Licenciado en Psicología, carrera que estudió en Madrid, empecé a leerle a partir de su segundo libro, La irresistible nariz de Verónica (1995, Premio José María Pereda), con el que se hizo un hueco entre los escritores que despuntaban en nuestra generación. Ese lugar destacado ya no lo abandonaría. En 1998 fue finalista del Premio Nadal con La caricia del escorpión, y en 2006 del Ciudad de Torrevieja con Querido Caín, una novela que sería adaptada al cine y en la que ahondaba en uno de sus temas favoritos, la maldad infantil, la maldad en estado puro. Era García-Valiño un escritor al que le interesaba analizar a sus personajes, indagar sobre su conducta, introducirse en ellos, sabedor, sin que ello le hiciera renunciar al suspense ni a la trama, de que la aventura es sobre todo un proceso interior. Sus libros, a veces de gran dureza, suelen estar bañados por el humor, como forma de compensar lo sórdido o lo atroz. Valiente sin ser temerario, no rehuía probar cosas nuevas, porque sabía que lo importante de escribir es, simplemente, escribir. Ni más ni menos. Gozó del privilegio —pero un privilegio ganado por él mismo, pues nadie lo regala— de escribir lo que le apetecía, sentía o necesitaba, sin pensar en el público, en los críticos o en las modas, aunque sí en los lectores o, mejor dicho, en el lector que era él. Firmó así, además de novelas y libros de relatos, guiones (era un cinéfilo confeso), un hermoso álbum ilustrado para niños, Yago, el cocodrilo vegetariano, o un ensayo sobre adolescentes conflictivos, Educar a la pantera, apoyándose en su experiencia como orientador educativo. Era capaz de escribir en primera persona desde la mente de una mujer de mediana edad, o demostrar que no hay géneros menores y publicar excelentes novelas históricas, justamente reconocidas por la crítica, como Urías y el rey David y Las dos muertes de Sócrates, o una novela juvenil de gran calidad, como Pablo y el hilo de Ariadna. Cuando salían de sus manos, tales etiquetas, "histórica" o "juvenil", perdían su sentido.
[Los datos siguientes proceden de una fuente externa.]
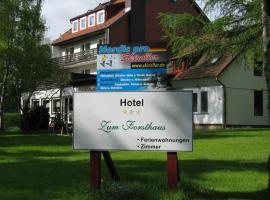 Bio-Hotel Zum Forsthaus，位于阿尔特瑙的酒店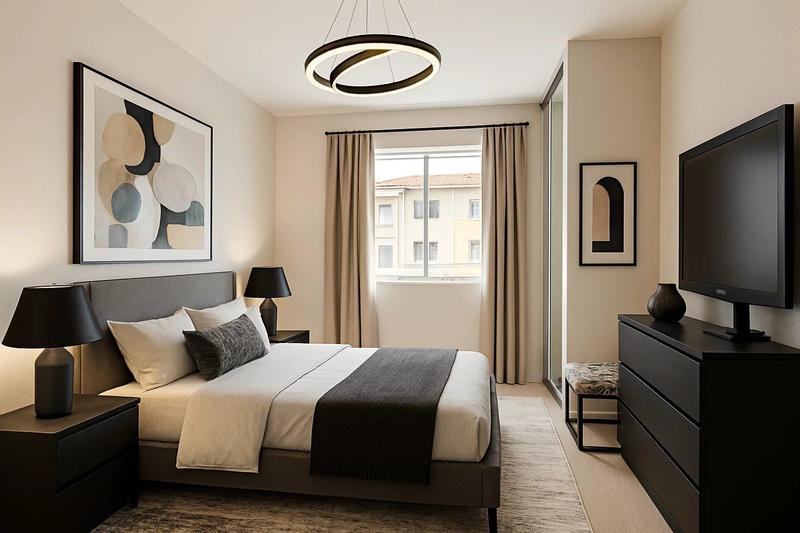 Appartement - 49 m² - 2 pièces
En marzo nos convocó a varios amigos para cenar en Madrid, cosa que hicimos en una casa de comidas acorde con nuestra respetabilidad y nuestro presupuesto de escritores. Luego tomamos una copa. Había venido a presentar su última y esperada novela, El ruido del mundo. Estuvo animado, simpático, con esa mirada levemente irónica, indagadora y cariñosa que le caracterizaba. Nada hacía pensar en que su salud fuera mala. Hace muy poco volvimos a vernos. Parecía contento, y no imaginamos que el desenlace fatal estuviera tan próximo.
Privados demasiado pronto del placer de su compañía, nos quedan los recuerdos y un suficiente número de excelentes novelas como para que sigamos conversando. Ignacio, Nacho, deja el ruido del mundo, y por un momento el mundo se vuelve más silencioso, aunque no más apacible.